Posted on April 19, 2012 4:22 PM
House Proposes 90-Day Transportation Extension, Senate Appropriations Committee Passes FY 2013 Transportation Budget
On April 18, 2012, the U.S. House of Representatives passed a proposal to extend the current federal transportation authorization program through September 30, 2012, by a vote of 293 in favor and 127 opposed. The bill, H.R. 4348, would not include changes proposed earlier this year by the American Energy and Infrastructure Jobs Act (AEIJA), including an expansion of domestic energy production and the decoupling of transit funding from the federal Highway Trust Fund. The bill would approve the Keystone XL pipeline, a move the Administration has threatened to veto.
The House approved three amendments to H.R. 4348. The first would require that all revenues accruing to the Harbor Maintenance Trust Fund be spent on applicable projects each year, the second would add the environmental streamlining provisions from AEIJA to the bill, and the third would insert the Coal Residuals Reuse and Management Act. The first and third amendments were agreed to by a voice vote, while the environmental streamlining amendment passed by a vote of 255 in favor and 165 opposed.
The bill now moves to the U.S. Senate. It is expected that the Senate will strike all the language after the enacting clause, substitute the text with the Senate’s transportation reauthorization bill, Moving Ahead for Progress in the 21st Century (MAP-21), and then pass the amended bill. This maneuver would allow a conference between the Senate and House.

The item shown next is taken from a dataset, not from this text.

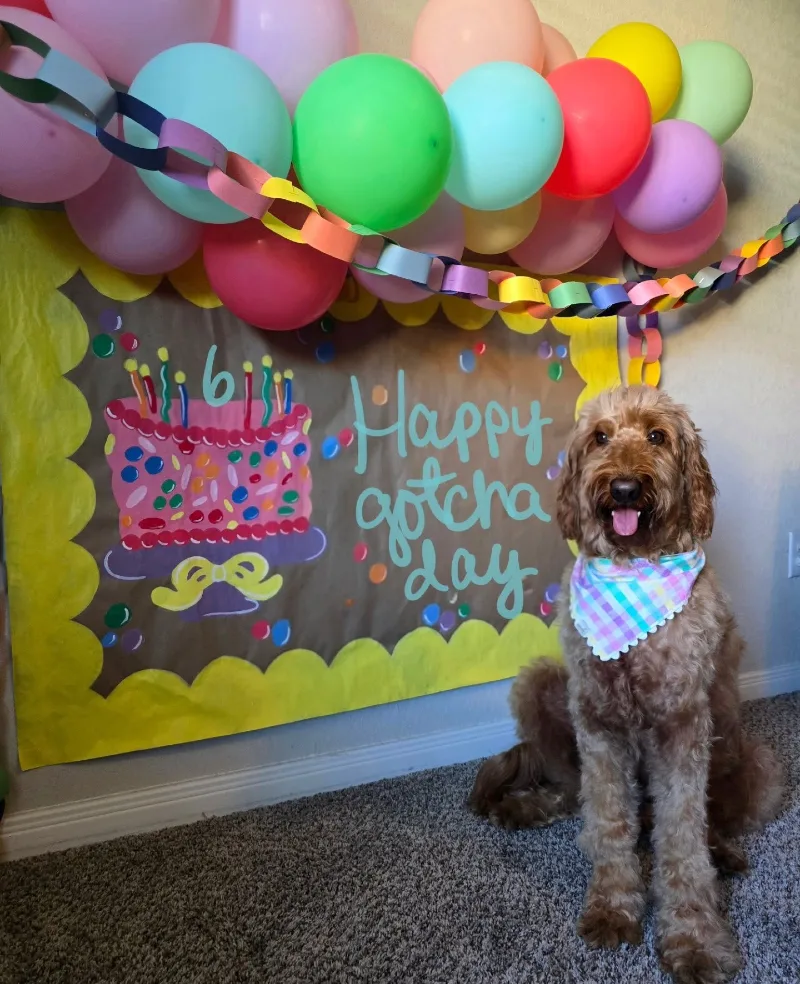Hand-Painted Kraft Paper Banner with Pastel Balloon Arch and Paper Garland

In other news, the U.S. Senate Appropriations Committee approved a combined $53.4 billion budget for the U.S. Departments of Transportation and Housing and Urban Development on April 19. The bill would provide $39 billion for highway programs, $2 billion for transit, $1.8 billion for rail projects, and $956 million for aviation. It would also provide $500 million for a fifth round of the Transportation Investments Generating Economic Recovery (TIGER) competitive grant program. The two agencies receive $57.3 billion in the current fiscal year.